France presents contested reform to 35-hour workweek
France’s Socialist government has presented a contested labor market reform to amend the 35-hour workweek and relax other rules that has prompted street protests across France.
The bill was formally adopted Thursday at a Cabinet meeting and is to be discussed next month at parliament. Thousands of students and workers demonstrated in the streets of Paris and other major French cities to seek the withdrawal of the bill. Incidents between demonstrators and the police led to 15 arrests in Paris and 9 in Nantes, in western France, according to French authorities. Two cars were burned in the capital.
The government and businesses claim the reforms would help the economy by making it easier for companies to hire and fire workers. Currently, they say, some companies are reluctant to take on workers for fear they may not be able to downsize in times of financial trouble. France’s unemployment rate is hovering at 10 percent.
The protesters say the bill would badly damage employees’ rights. The proposal technically maintains the 35-hour workweek, which was conceived to fight joblessness by spreading work across more people, but allows companies to organize alternative working times. Those include a workweek of up to 48 hours and 12-hour days. In “exceptional circumstances,” employees could work up to 60 hours a week.

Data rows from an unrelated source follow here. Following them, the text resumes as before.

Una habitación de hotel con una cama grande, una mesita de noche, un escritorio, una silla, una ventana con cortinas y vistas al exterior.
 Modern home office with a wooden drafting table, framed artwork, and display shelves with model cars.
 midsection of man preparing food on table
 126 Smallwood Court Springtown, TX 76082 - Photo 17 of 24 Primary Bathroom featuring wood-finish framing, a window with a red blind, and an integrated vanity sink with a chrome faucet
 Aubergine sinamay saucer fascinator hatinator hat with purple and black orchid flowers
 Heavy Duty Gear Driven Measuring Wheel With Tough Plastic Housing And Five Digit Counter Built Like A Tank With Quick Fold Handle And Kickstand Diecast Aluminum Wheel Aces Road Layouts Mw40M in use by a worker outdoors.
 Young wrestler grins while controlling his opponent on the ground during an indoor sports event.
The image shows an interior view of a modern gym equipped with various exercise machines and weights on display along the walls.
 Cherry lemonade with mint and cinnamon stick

Myriam El Khomri, French labor minister, said the bill is “balanced, with new flexibility for the businesses in order to improve the competitiveness of our economy, as well as new protections, new rights for the employees”. The government tried to gain support from some worker unions by making a few changes in the bill last week. It has withdrawn measures that relaxed rules on working from home and at night and has introduced the control of a judge to ensure that multinational companies don’t organize the artificial bankruptcy of their French branch in order to justify layoffs.
Neil Turnbull, head of Turnbull Associes, a real estate management company that has 23 employees in its Paris office, told the AP the labor reform would “give us more comfort in recruiting. We need to know that we have some flexibility when workload drops to be able to reduce staff. We haven’t done that yet but it’s an important issue for us.”